Importing the API and setting up the default project

The Monitoring functionality is contained within the datalab.stackdriver.monitoring module.

If the default project is not already set via the environment variable $PROJECT_ID, you must do so using 'set_datalab_project_id', or using the %datalab config magic.


In [26]:
# set_datalab_project_id('my-project-id')

First, list supported options on the Stackdriver magic %sd:


In [27]:
%sd -h


usage: sd [-h] {monitoring} ...

Execute various Stackdriver related operations. Use "%sd <stackdriver_product>
-h" for help on a specific Stackdriver product.

positional arguments:
  {monitoring}  commands
    monitoring  Execute Stackdriver monitoring related operations. Use "sd
                monitoring <command> -h" for help on a specific command

optional arguments:
  -h, --help    show this help message and exit
None

Let's see what we can do with the monitoring command:


In [28]:
%sd monitoring -h


usage: sd monitoring [-h] {metrics,resource_types,groups} ...

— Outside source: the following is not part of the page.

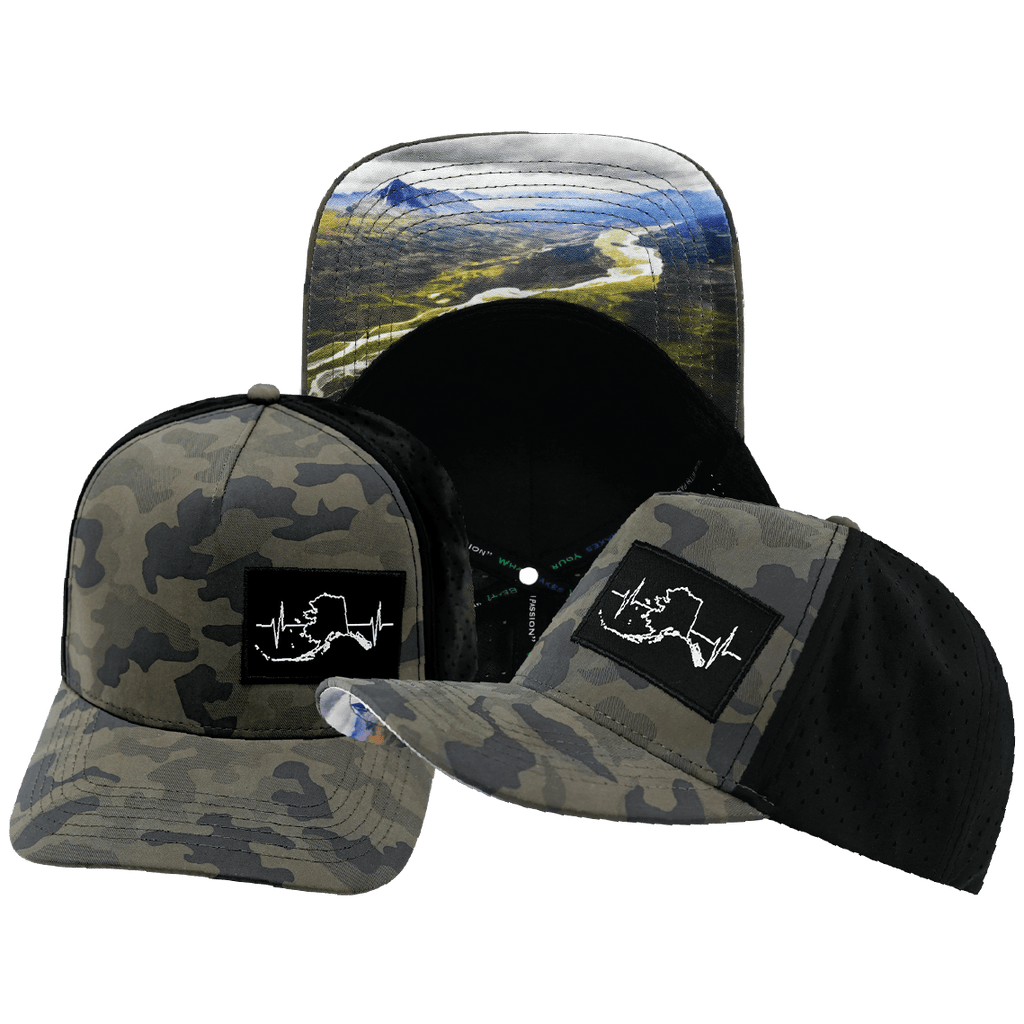 Alaska Hat - Trucker Hat - Soft Charcoal Camo / Black - Laser Mesh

Execute Stackdriver monitoring related operations. Use "sd monitoring
<command> -h" for help on a specific command

positional arguments:
  {metrics,resource_types,groups}
                        commands
    metrics             Operations on Stackdriver Monitoring metrics
    resource_types      Operations on Stackdriver Monitoring resource types
    groups              Operations on Stackdriver groups

optional arguments:
  -h, --help            show this help message and exit
None

List names of Compute Engine CPU metrics

Here we use IPython cell magics to list the CPU metrics. The Labels column shows that instance_name is a metric label.


In [29]:
%sd monitoring metrics list --type compute*/cpu/*


Out[29]:
Metric typeDisplay nameKindValueUnitLabels
compute.googleapis.com/instance/cpu/reserved_coresReserved coresGAUGEDOUBLE1instance_name
compute.googleapis.com/instance/cpu/usage_timeCPU usageDELTADOUBLEsinstance_name
compute.googleapis.com/instance/cpu/utilizationCPU utilizationGAUGEDOUBLE1instance_name

In [30]:
%sd monitoring resource_types list --type gce*


Out[30]:
Resource typeDisplay nameLabels
gce_diskGCE Diskproject_id, disk_id, zone
gce_instanceGCE VM Instanceproject_id, instance_id, zone
gce_routerCloud Routerproject_id, router_id, region

Querying time series data

The Query class allows users to query and access the monitoring time series data.

Many useful methods of the Query class are actually defined by the base class, which is provided by the google-cloud-python library. These methods include:

  • select_metrics: filters the query based on metric labels.
  • select_resources: filters the query based on resource type and labels.
  • align: aligns the query along the specified time intervals.
  • reduce: applies aggregation to the query.
  • as_dataframe: returns the time series data as a pandas DataFrame object.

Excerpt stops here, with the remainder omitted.